Y han generado un problema mayúsculo, en su país y en el conjunto de la UE. Parece que ahora comienza a importarnos algo lo sucedido, aunque hasta la semana pasada contaba menos que un partido de la Selección. Hasta entonces solo estaba presente en un sector minoritario de la sociedad al que le preocupan los temas sociales y políticos de esta envergadura: estoy pensando en gente como usted, por ejemplo, que está leyendo esto, porque a su vecino le interesaba más el penalti de Ramos. Aquello del 'Brexit' era algo difuso, lejano, incluso pintoresco. Entre la gente que ha seguido más de cerca cómo se ha ido cociendo este tema están quienes nos han advertido de todos los males que se derivarían si saliera triunfante la propuesta que finalmente ha vencido: fractura política grave en la Unión, en la propia Gran Bretaña, pérdidas económicas en todos los países (no he leído en ninguna parte que alguien vaya a ganar algo, aunque en principio parece que es imposible que todo el mundo pierda sin que nadie gane), un cataclismo y, sobre todo, pavor a lo desconocido y desconfianza en el futuro, una vez abierta la caja de los truenos. En este sector había también personas hartas de los británicos. Hartas de que 'esos ingleses' estuvieran aquí sin estar aquí (parecían émulos de Teresa de Ávila), hartas de que a cada paso estuvieran chantajeando al resto de países, cansadas de escuchar sus consejos y hasta las narices de esa sensación, también difusa, de que los británicos han querido aprovecharse en estos años de todo lo bueno de la Unión, mientras llenos de escepticismo ponían un palo tras otro en la construcción europea. Al final, han decidido marcharse de un sitio en el que nunca han estado y que siempre les ha generado una profunda incomodidad. Vamos a ver ahora cómo les va, porque de aquel imperio en el que hacían y deshacían solo quedan la reina y un príncipe heredero que ya parece haber tirado la toalla y está convencido de que morirá antes de tener la oportunidad de sustituir a su Graciosa Majestad.
El futuro es incierto. No diría que tenebroso, solo incierto. Para todos. Habrá graves consecuencias económicas, desde luego, que no podemos desdeñar: el batacazo de la Bolsa es el primer aviso. También políticas. Hay ya partidos en otros países de menor peso mirando la puerta de salida. Es lo habitual en tiempos de crisis: abundan los agentes que piensan que disponen de una poción mágica y de soluciones milagrosas negadas al resto de los ciudadanos. También lo vemos aquí. En el fondo, quizás sucede que los europeos nunca hemos querido ser tan europeos. ¿Qué tienen en común un renano y un cordobés? ¿O un vasco y un napolitano? ¿Ha sentido alguna vez en su vida el sueco medio algún punto de unión con un ateniense o con un lisboeta? ¿Habrá pensado un londinense que él y un croata están en el mismo barco? Son preguntas que alguna vez nos hemos hecho, aunque hemos preferido olvidarnos de la respuesta. Sobre todo si nos hemos planteado ir a pasar unos días de vacación a cualquiera de esos países: qué bien no tener que cambiar de moneda cada 200 kilómetros.
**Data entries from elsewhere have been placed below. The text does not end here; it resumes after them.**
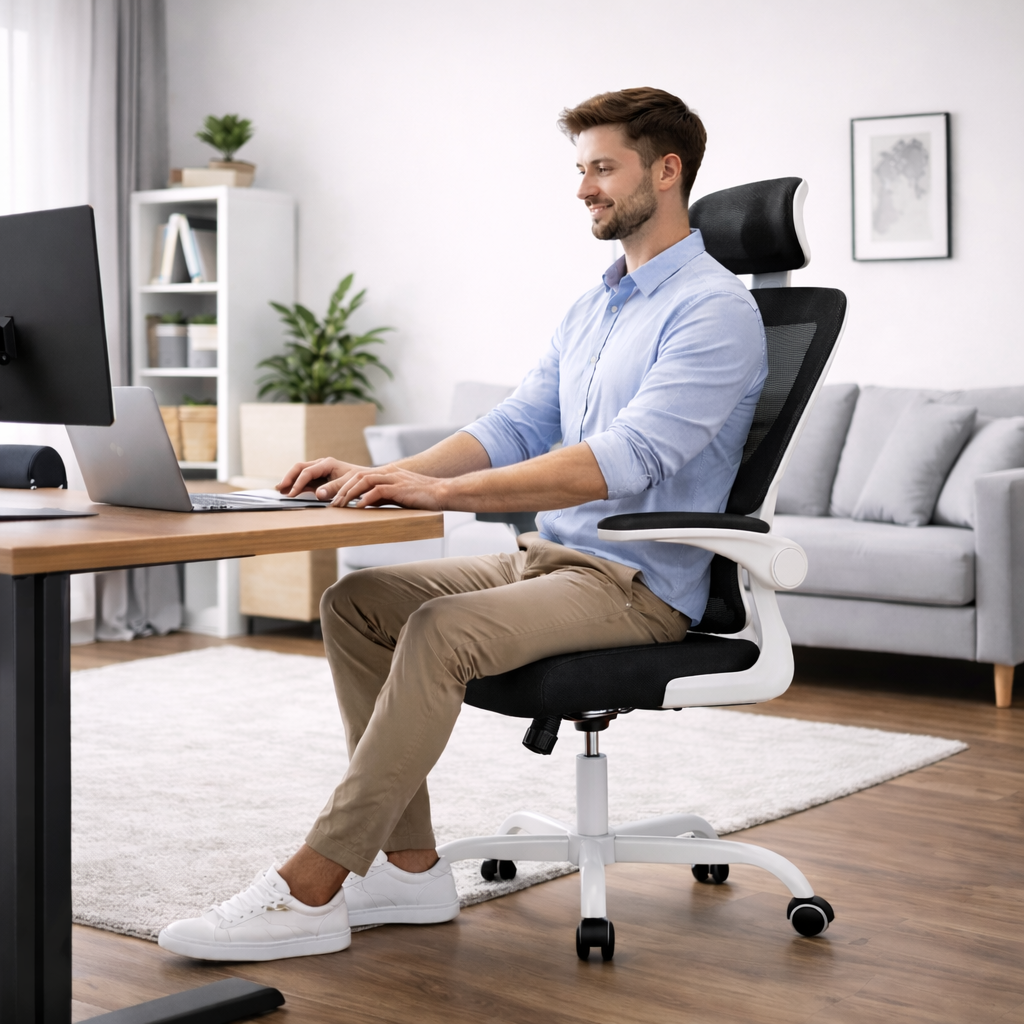 Chaise de Bureau en Maille Réglable avec Base en Aluminium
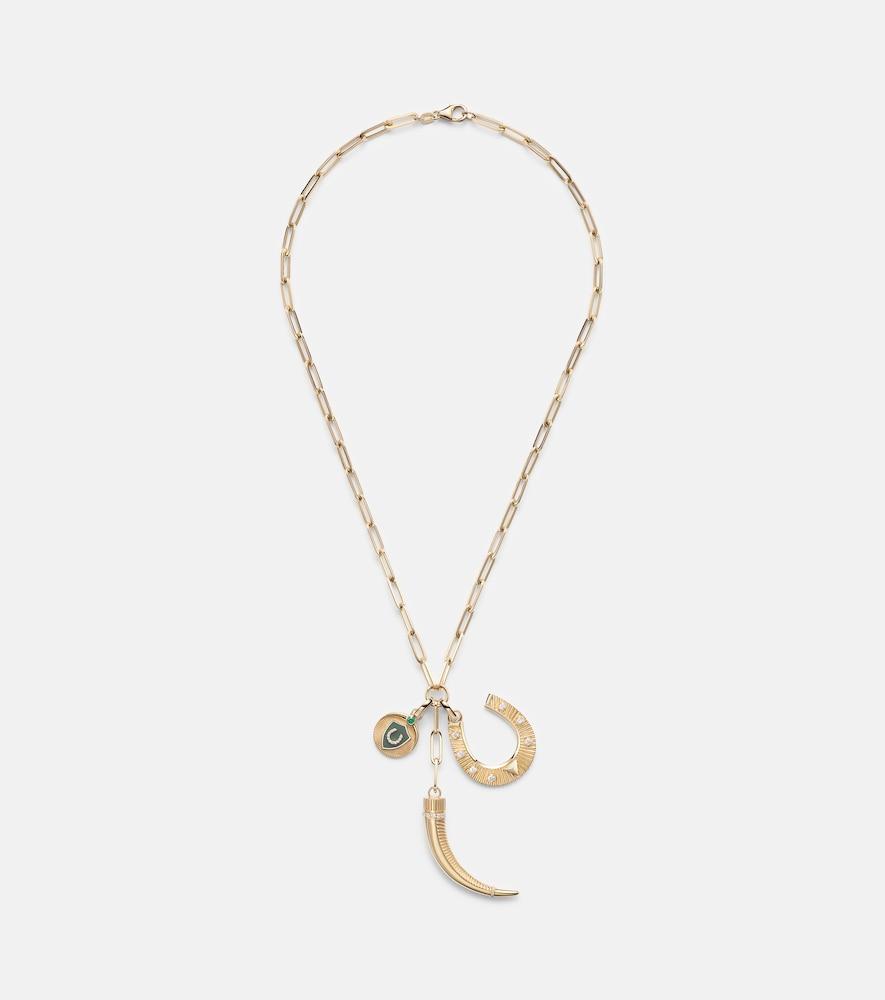 foundrae protection 18kt gold charm necklace with diamonds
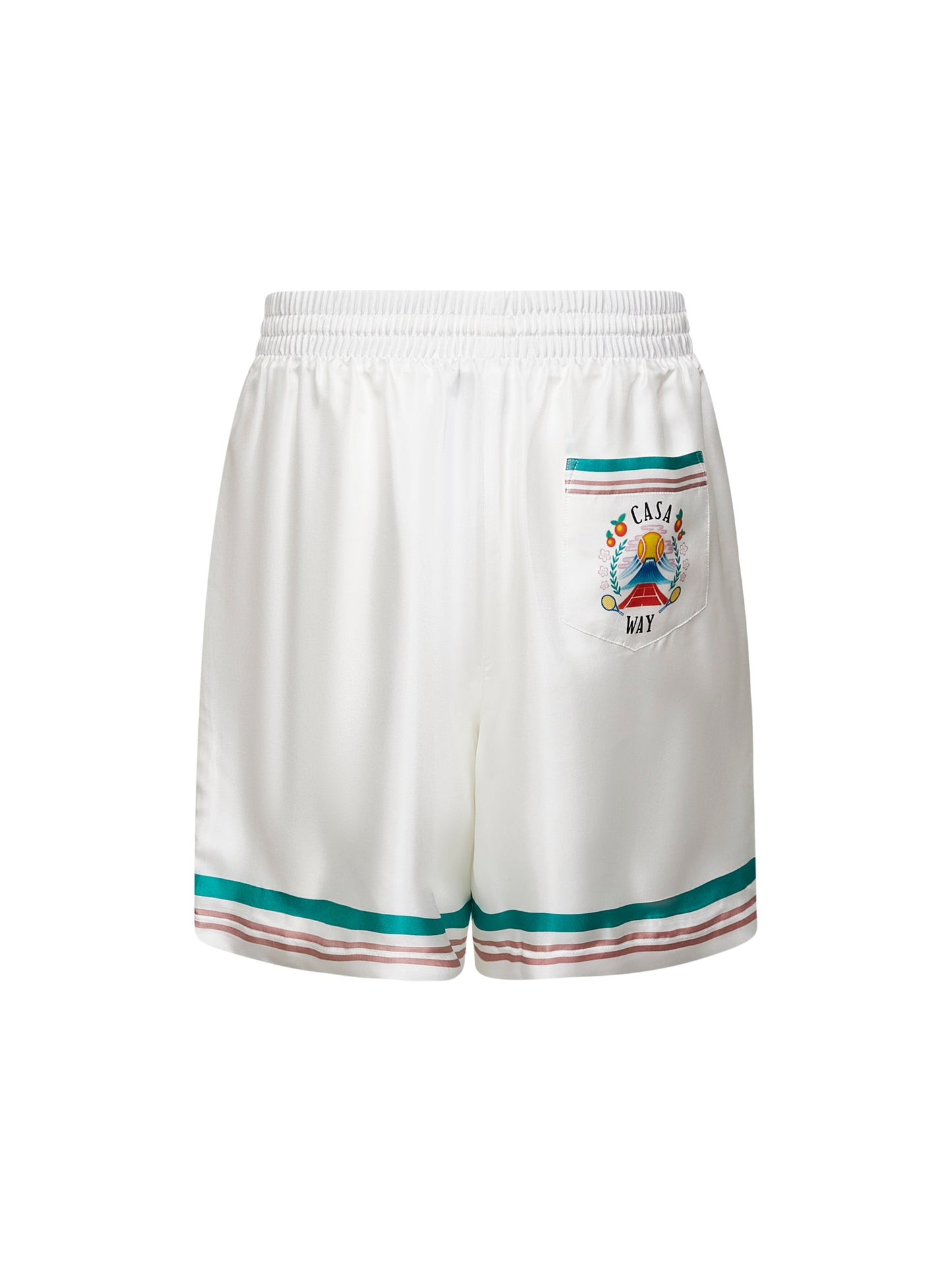 White silk twill Casa Way shorts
Pero el caso es que, para bien o para mal, con fronteras harto imprecisas (¿debemos considerar a Rusia parte de Europa?, ¿también la Rusia asiática?), el caso es que Europa, ese enorme continente, está ahí, aunque Londres lo haya aislado. Y lo ha estado mucho más en estos últimos decenios. Esta crisis puede ser una oportunidad para relanzar poco a poco el proyecto europeo sobre otras bases. Para apoyarse solo en aquellos que de verdad están convencidos que merece la pena y aceptan que una unión solo tiene sentido sobre bases democráticas: ni la Rusia de Putin ni la Turquía de Erdogan pueden ser aceptadas. Pero aun con otros políticos, una unión de países europeos debe desconfiar de culturas con profundas raíces antidemocráticas, sin ningún respeto a una sociedad laica o en donde machacar a las mujeres se considera casi un juego inocente. Solo una Europa así tiene sentido: no se trata de que entren países, sino de que entren los países que creen en el proyecto y se incorporen al ritmo adecuado. Solo una Europa solidaria tiene sentido. La pérfida Albión nos ha dado una profunda lección de democracia, y nos ha generado un enorme problema. Quizás sea una oportunidad para alumbrar una Europa un poco más decente.